From the figures, it is evident that the accuracy of the “All for all” approach surpasses that of the “One for all” approach across all budgets, particularly at the lowest and highest budgets. For example, on the CIFAR100 dataset, when the budget is between 0.05 and 0.3 GFLOPs, the accuracy of ResNet18 (All for all) improves by 1.96–3.43% compared to that of ResNet18 (MENM). On the Tiny-ImageNet dataset, when the budget is 0.61 GFLOPs, ResNet34 (One for all) exhibits a 0.90% increase in accuracy compared to ResNet34 (MENM), while ResNet34 (All for all) achieves an even improvement in accuracy of 1.32%. We also perform experiments on the ResNet50, ResNet101, MobileNetV2, ShuffleNetV2 networks, and CIFAR10 datasets. The detailed experimental results are shown in the appendix.

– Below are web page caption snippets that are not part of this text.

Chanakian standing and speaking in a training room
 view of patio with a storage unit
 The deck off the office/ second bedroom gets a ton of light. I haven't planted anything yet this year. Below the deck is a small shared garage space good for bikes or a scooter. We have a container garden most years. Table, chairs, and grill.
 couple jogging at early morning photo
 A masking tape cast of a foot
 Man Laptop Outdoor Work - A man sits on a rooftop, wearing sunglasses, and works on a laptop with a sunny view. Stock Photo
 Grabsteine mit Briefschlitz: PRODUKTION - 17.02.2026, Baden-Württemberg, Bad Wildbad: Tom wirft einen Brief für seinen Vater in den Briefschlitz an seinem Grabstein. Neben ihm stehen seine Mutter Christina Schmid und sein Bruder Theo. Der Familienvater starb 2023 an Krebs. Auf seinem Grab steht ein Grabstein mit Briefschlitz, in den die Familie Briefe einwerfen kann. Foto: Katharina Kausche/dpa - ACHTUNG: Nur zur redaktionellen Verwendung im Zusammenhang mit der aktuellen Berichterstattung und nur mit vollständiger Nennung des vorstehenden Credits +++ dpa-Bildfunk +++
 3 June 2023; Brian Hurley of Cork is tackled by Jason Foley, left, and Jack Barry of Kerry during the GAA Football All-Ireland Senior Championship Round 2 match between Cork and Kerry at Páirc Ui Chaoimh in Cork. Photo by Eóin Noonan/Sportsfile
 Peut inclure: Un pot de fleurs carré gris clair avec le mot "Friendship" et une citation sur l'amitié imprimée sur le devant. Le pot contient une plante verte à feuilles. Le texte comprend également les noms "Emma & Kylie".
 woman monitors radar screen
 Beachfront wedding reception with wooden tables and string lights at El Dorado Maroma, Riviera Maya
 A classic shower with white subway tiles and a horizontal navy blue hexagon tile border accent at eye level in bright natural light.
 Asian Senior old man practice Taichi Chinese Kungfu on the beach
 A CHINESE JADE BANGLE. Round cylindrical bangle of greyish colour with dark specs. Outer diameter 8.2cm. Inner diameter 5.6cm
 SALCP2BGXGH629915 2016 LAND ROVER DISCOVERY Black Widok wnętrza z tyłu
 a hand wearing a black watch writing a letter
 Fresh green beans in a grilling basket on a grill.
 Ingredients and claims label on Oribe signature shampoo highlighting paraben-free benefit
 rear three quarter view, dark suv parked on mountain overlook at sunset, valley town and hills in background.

Budgeted batch classification results

In the budgeted batch classification scenario, we first train the best network model on the training set, and then use the given budget to select the best performance classification result on the validation set. This enables us to determine the threshold for each branch classifier based on the minimum predictive confidence of the correctly classified samples. For instance, when evaluating the “All for all” network based on ResNet18 with 0.1 GFLOPs, if Ex1’s output threshold \(\theta _{1}=0.93\), only samples with predicted results greater than 0.93 are retained for an accuracy calculation during testing. The remaining samples continue to be processed by subsequent classifiers.

Fig. 4
figure 4

Experimental results of the budgeted batch model of CIFAR100 and Tiny-ImageNet datasets (ResNet18 and ResNet34 as the backbone network). The left figure is the result of CIFAR100 dataset, the right figure is the result of Tiny-ImageNet dataset

Figure 4 illustrates the budgeted batch classification experiment results on the CIFAR100 and Tiny-ImageNet datasets with ResNet18 and ResNet34 as the backbone networks. In the figure, the blue and orange solid lines represent the results of the “One for all” and “All for all” networks based on ResNet18, while the red and black dotted lines represent the results of the “One for all” and “All for all” networks based on ResNet34. As shown in Fig. 4, the “All for all” method achieves the highest accuracy under identical budget conditions. Specifically, on the CIFAR100 dataset, when the budget is 0.3 GFLOPs, the classification accuracy of ResNet18 (All for all) is 2.3% higher than that of ResNet18 (One for all). When the budget is 0.5 GFLOPs, the classification accuracy of ResNet18 (All for all) is 2.8% higher than that of ResNet18 (One for all). Similar results are observed on the Tiny-ImageNet dataset.

Ablation study

We evaluate the performance of MLCSD-Net’s MENM, MCLSM, and MCFSM on the CIFAR100 and Tiny-ImageNet datasets using ResNet18 as the backbone network. The results are shown in Tables 5 and 6. In the tables, “MENM” represents the multi-exit network module that uses the SLIC structure, “MCLSM” represents the multi-level collaborative logit-based self-distillation module, and “MCFSM” represents the multi-level collaborative feature-based self-distillation module.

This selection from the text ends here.